Yangdup Lama, mixologist and Co-founder of Sidecar, The Brook, and Cocktails & Dreams, says that while coffee liqueur is still niche, it is definitely gaining traction. However, in India, few drink it neat; fewer still treat it as a digestif. “Its strength here is clearly as a mixer or flavour component in cocktails,” Lama explains.

RISE OF INDIAN BRANDS

For years, coffee liqueur in India was synonymous with imported labels, often sweeter and standardised. Today, a new generation of brands is experimenting with origin, roast, and flavour.

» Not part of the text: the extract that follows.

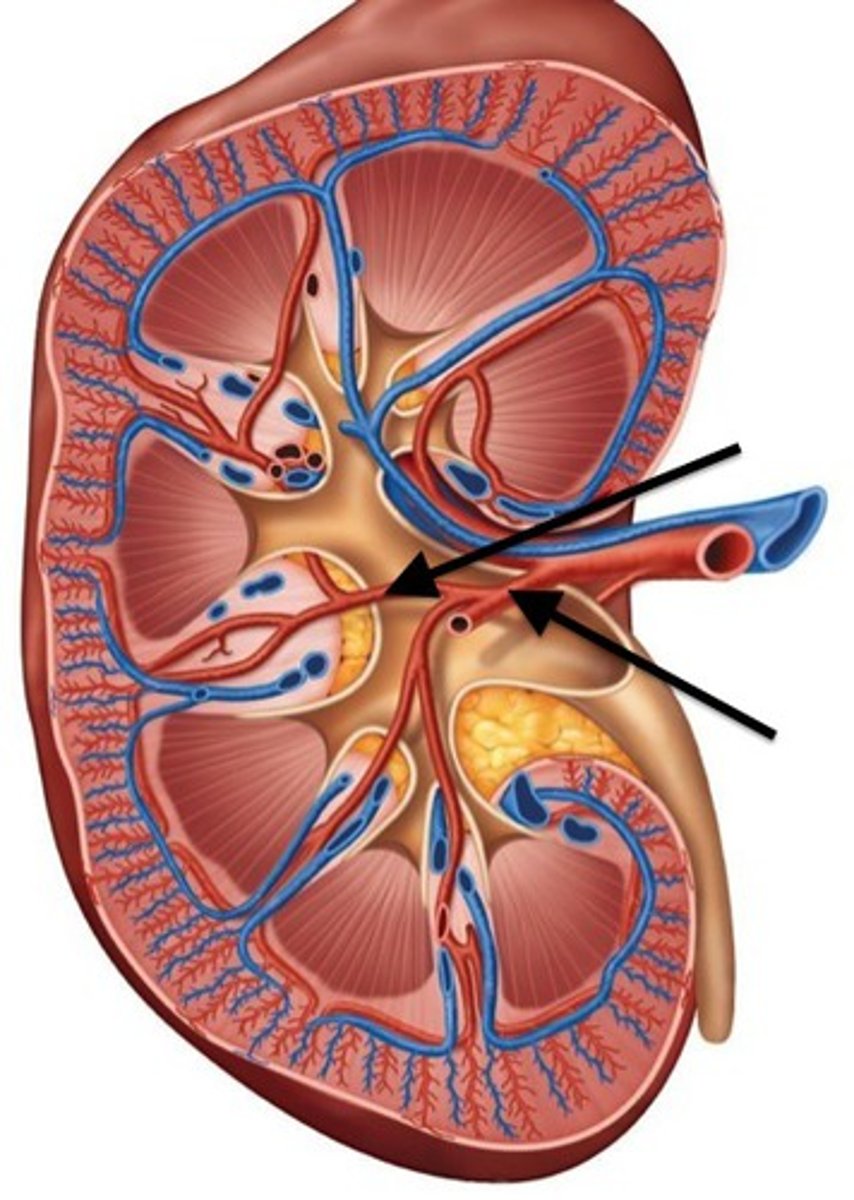 <p>Identify this urinary system structure.</p>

For Olson Pereira, Co-founder of Quaffine Cold Brew Liqueur, the logic was intuitive. “It was coffee which was going to be big because of our love for the drink,” he says. His approach departs from convention. Quaffine which was launched in 2022, uses less sugar, avoids flavour-masking additives, and relies on cold brew extraction to preserve the integrity of the bean. The result is a liqueur that feels more flavourful.

This emphasis on authenticity extends beyond flavour. Indian brands are increasingly foregrounding sourcing, drawing on beans from Chikkamagaluru, Kodagu, and the Western Ghats. Bandarful, for instance, positions itself as “farm-to-bottle”, with coffee being the defining ingredient. It is a language borrowed from food, but one that resonates in spirits. Rana observes that Indian liqueurs are “becoming more interesting by experimenting with origin-based beans and less sugar.” He adds, “There’s a strong shift towards supporting and working with Indian products.” Adds Lama, “From a practical standpoint, sourcing is easier, logistics are smoother and costs are significantly lower compared to imports.” But beyond that, he says, quality has really improved. “Bartenders now have a strong local alternative that can match—or even outperform—global options in certain applications. So, it’s both a creative and a commercial decision.”

Quaffine, which is produced in Goa, has expanded from there to multiple Indian cities including Delhi-NCR, Mumbai, Pune, Bengaluru and international markets such as Thailand and Kenya. In 2024, Diageo bought a 25% stake in Quaffine. Pereira says since then the brand has grown 2.5 times. He is bullish and expects production to double this year. “From the current 3 tonnes of coffee, we will need 6 tonnes this year.” It’s a far cry from the time when shopkeepers in Goa questioned why anyone would pay `1,650 for an Indian brand. “I didn’t understand that since you don’t pay for origin, only for quality,” smiles Periera, happy to have been proven right.

Bandarful, meanwhile, has been focussing on building a strong presence in the right markets. It has grown from a few initial regions to cities like Delhi, Gurugram, Goa, Bengaluru, Mumbai, Pune, Pondicherry, and Uttarakhand. There’s also early international movement in markets like the US, UK, West Asia, and Italy, where there is strong interest in craft, origin-led spirits. It was recently named the World’s Best Liqueur at the 2025 USA Spirits Ratings, adding to its international recognition.

While commercially, the category remains extremely small, with Pereira slotting it at less than 1% of the alco-bev market, it is likely to expand through the decade, thanks to urban consumers, rising disposable incomes, and a willingness to experiment.

Little wonder, India’s coffee liqueur story is still being written, one pour at a time!